Invoice Scanning
I’ve just recently worked on invoice scanning for Finances. It lets you scan invoices on iPhone or iPad and add them as a PDF document to transactions. In this post I will show you how I’ve implemented that feature using the frameworks available on iOS.
Lets start by looking at the final result. You can see the invoice scanning in the Finances trailer. The user interface looks very similar to the document scanning UI in Apple’s Notes app on iOS 11. That’s not a coincident. I’ve reimplemented the exact same user interface, because most iOS users are already familiar with it. Also I found it an interesting challenge to implement it myself.
Scanning Screen
The scanning screen is the first screen presented to the user.
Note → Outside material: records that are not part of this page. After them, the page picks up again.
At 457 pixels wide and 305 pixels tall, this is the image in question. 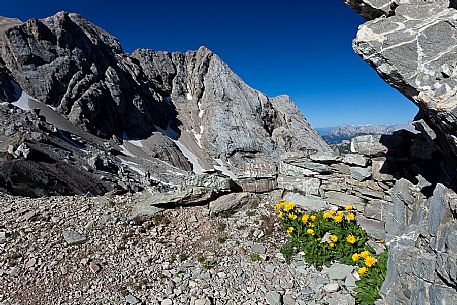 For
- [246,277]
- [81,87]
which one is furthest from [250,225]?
[81,87]

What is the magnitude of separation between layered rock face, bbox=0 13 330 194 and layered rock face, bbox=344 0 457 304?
38.9 meters

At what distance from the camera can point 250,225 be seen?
1106 cm

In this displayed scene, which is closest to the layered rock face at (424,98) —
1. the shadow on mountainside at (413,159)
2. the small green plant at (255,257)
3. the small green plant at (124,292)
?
the shadow on mountainside at (413,159)

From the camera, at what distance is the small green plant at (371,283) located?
7480 millimetres

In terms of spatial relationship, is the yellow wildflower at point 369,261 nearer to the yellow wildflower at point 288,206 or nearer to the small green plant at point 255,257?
the small green plant at point 255,257

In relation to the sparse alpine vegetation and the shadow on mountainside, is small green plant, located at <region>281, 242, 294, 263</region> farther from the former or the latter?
the shadow on mountainside

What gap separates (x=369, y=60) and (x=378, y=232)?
19.5 ft

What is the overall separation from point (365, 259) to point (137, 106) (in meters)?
90.1

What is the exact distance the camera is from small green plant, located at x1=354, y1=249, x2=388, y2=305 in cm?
748

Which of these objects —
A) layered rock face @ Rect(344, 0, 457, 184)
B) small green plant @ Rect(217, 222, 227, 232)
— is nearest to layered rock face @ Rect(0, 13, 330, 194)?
small green plant @ Rect(217, 222, 227, 232)

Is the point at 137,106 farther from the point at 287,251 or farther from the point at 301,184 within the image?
the point at 287,251

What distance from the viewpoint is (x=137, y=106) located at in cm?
9175

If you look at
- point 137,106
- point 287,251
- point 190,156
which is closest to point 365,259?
point 287,251

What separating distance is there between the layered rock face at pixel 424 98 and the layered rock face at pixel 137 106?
38902mm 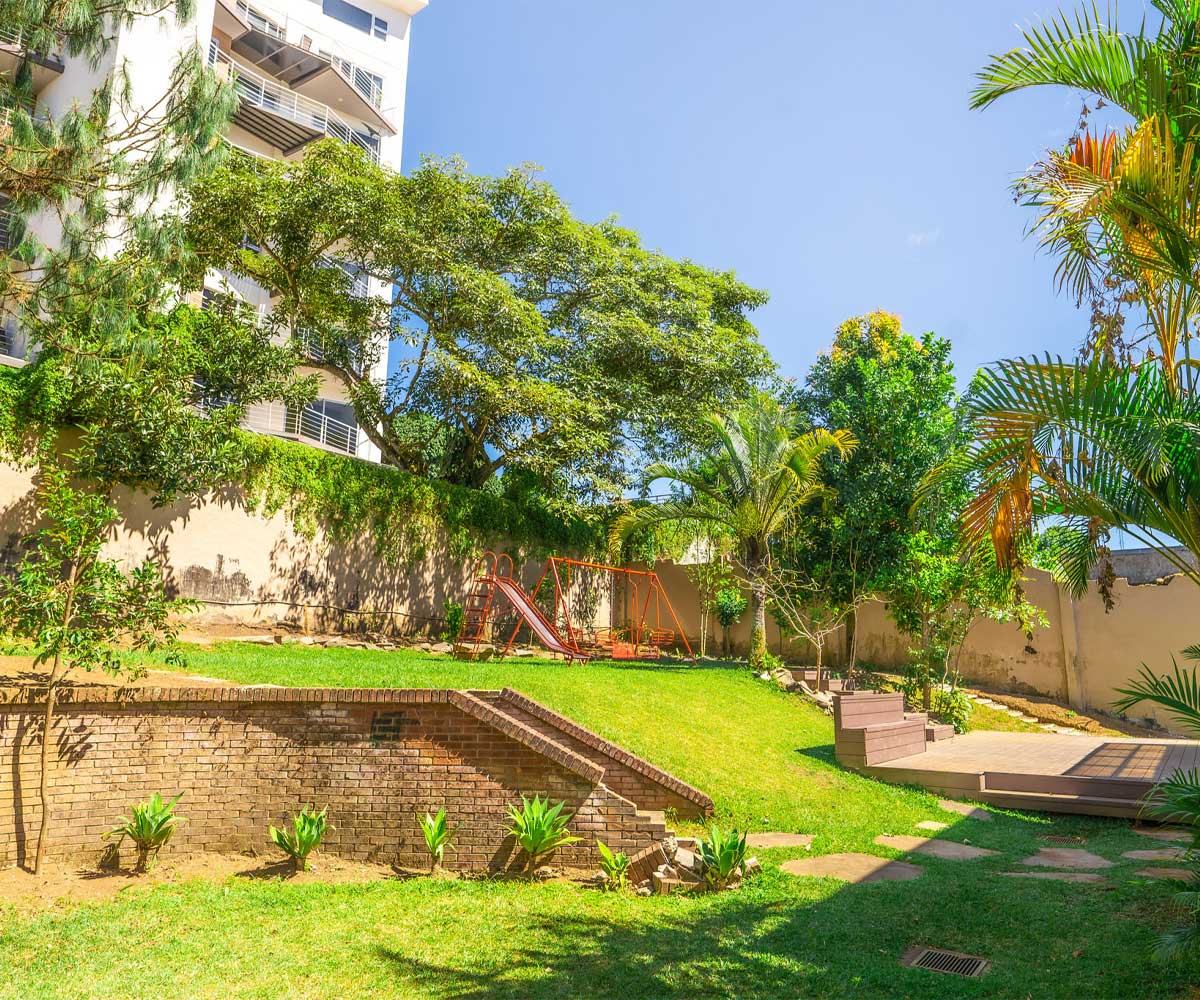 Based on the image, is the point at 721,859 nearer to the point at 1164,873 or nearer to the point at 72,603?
the point at 1164,873

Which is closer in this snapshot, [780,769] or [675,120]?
[780,769]

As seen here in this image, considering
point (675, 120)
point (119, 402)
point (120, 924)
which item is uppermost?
point (675, 120)

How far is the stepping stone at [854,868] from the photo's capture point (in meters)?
6.34

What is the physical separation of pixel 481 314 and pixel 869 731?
12.1 metres

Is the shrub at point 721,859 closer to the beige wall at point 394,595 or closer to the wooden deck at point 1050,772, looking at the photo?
the wooden deck at point 1050,772

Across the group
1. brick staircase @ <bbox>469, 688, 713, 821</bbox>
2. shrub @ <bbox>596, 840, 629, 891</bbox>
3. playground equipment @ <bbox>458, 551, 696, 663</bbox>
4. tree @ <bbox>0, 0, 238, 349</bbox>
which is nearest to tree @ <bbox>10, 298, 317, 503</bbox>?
tree @ <bbox>0, 0, 238, 349</bbox>

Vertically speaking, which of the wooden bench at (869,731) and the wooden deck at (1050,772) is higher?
the wooden bench at (869,731)

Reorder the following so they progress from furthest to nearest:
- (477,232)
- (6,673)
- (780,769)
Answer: (477,232), (780,769), (6,673)

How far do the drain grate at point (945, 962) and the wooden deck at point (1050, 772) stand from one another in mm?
4204

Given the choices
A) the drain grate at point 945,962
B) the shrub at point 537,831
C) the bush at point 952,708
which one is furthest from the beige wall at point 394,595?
the drain grate at point 945,962

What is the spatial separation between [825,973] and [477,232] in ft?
57.7

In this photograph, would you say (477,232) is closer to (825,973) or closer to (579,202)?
(579,202)

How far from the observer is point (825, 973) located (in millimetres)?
4461

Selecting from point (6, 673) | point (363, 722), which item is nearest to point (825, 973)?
point (363, 722) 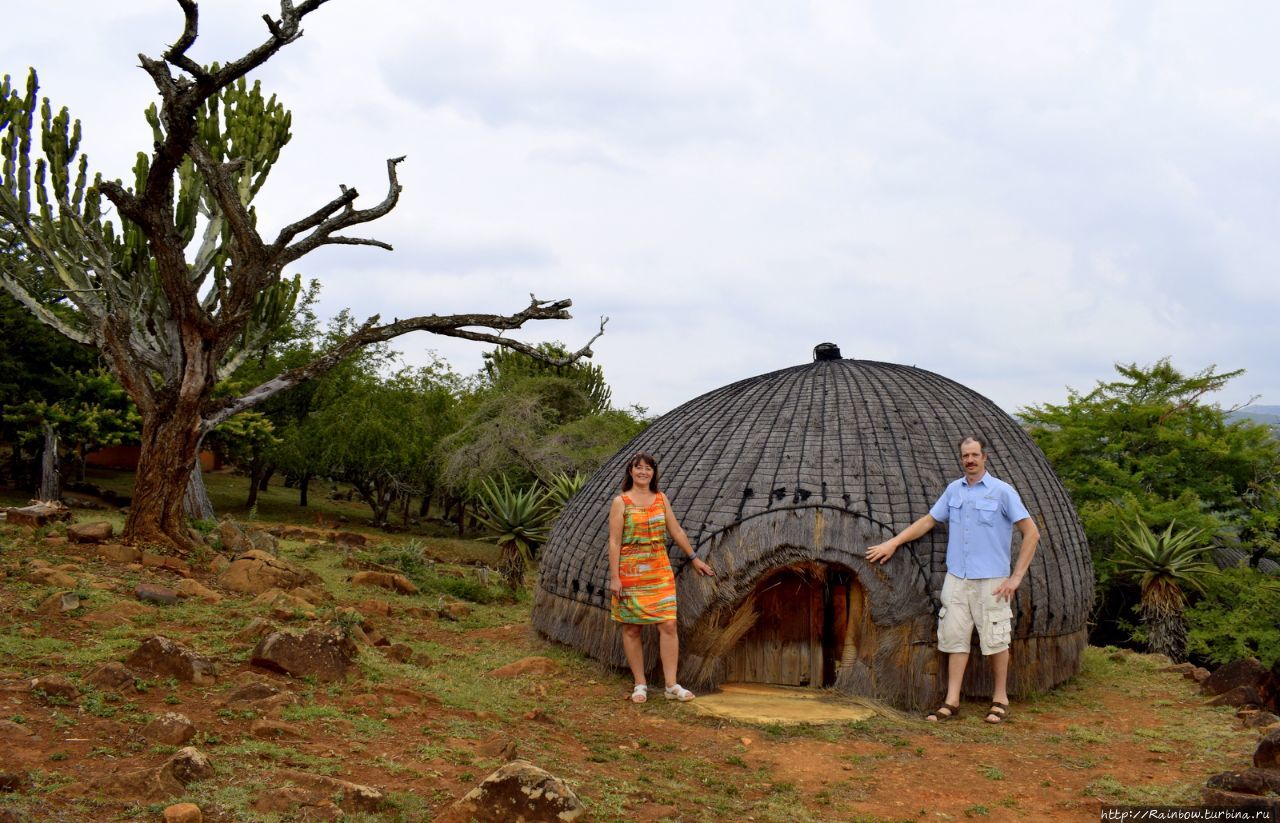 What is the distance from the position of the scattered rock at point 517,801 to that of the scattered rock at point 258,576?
6522 millimetres

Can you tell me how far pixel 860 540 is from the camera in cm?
750

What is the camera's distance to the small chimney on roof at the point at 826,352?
34.3 ft

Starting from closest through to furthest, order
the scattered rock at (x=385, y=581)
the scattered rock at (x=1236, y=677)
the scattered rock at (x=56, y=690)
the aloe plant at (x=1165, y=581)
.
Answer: the scattered rock at (x=56, y=690) < the scattered rock at (x=1236, y=677) < the aloe plant at (x=1165, y=581) < the scattered rock at (x=385, y=581)

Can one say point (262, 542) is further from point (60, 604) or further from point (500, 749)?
point (500, 749)

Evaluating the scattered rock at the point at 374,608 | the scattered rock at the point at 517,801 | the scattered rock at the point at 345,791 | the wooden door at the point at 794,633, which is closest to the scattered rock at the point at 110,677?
the scattered rock at the point at 345,791

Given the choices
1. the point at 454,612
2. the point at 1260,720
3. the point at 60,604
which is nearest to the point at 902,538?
the point at 1260,720

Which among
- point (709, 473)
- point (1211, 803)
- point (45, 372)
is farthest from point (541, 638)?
point (45, 372)

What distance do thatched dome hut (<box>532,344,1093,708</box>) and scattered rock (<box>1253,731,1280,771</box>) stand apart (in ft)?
6.78

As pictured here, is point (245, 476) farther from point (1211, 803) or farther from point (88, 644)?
point (1211, 803)

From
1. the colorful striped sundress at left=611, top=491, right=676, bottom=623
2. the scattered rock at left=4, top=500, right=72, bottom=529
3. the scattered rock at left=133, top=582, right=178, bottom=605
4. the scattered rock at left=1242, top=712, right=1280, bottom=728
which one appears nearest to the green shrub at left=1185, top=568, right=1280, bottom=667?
the scattered rock at left=1242, top=712, right=1280, bottom=728

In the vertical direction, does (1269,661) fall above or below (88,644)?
above

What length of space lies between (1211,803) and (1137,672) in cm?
538

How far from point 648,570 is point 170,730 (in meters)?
3.58

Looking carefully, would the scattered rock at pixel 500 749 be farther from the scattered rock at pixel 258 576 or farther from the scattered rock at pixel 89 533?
the scattered rock at pixel 89 533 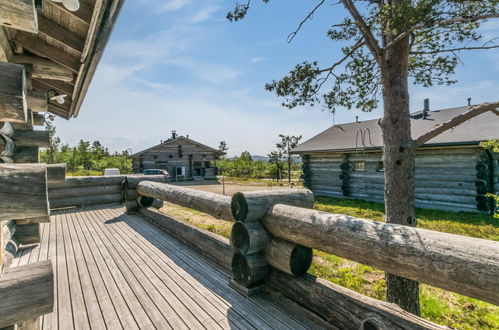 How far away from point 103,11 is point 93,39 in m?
0.64

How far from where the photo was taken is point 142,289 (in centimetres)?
340

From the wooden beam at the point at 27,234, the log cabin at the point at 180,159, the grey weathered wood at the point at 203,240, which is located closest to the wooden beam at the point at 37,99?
the wooden beam at the point at 27,234

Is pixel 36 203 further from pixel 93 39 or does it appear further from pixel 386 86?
pixel 386 86

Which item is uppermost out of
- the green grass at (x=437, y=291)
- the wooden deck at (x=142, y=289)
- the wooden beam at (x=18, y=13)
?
the wooden beam at (x=18, y=13)

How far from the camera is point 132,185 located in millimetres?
7918

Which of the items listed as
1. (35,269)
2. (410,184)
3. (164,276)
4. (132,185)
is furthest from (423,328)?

Even though it provides a lot of information, it doesn’t feel overwhelming. On iPhone the user interface elements are placed at the top and bottom of the screen. On iPad the layout is a little bit different but pretty much the same.
The bar at the top is a UIToolbar
pinned to the top of the screen. There was no need to implement a custom user interface element for this.
All other user interface elements are implemented by view controllers. Those view controllers are managed by a container view controller. By doing it this way I was able to create simple and resuable controllers. I’ve tried to avoid view controllers with hundreds lines of code. Those massive view controllers become complex very fast. You will also have a hard time maintaining that code as well. Dave DeLong has a great write-up about the problems of massive view controllers.
Now lets take a look at the actual implementation.
Camera Output
The camera output view displays the output of an AVCaptureSession
in a AVCaptureVideoPreviewLayer
.
Invoice Outline
The outline of an invoice is detected in an image by using a VNDetectRectanglesRequest
, which is provided by the Vision framework on iOS 11. Performing the request can be done with just a few lines of code.
1import Vision
2
3// let image: CVImageBuffer = …
4
5let request = VNDetectRectanglesRequest {
6 (request, error) in
7 let observations = request.results as! [VNRectangleObservation]
8 // ...
9}
10let requestHandler = VNSequenceRequestHandler()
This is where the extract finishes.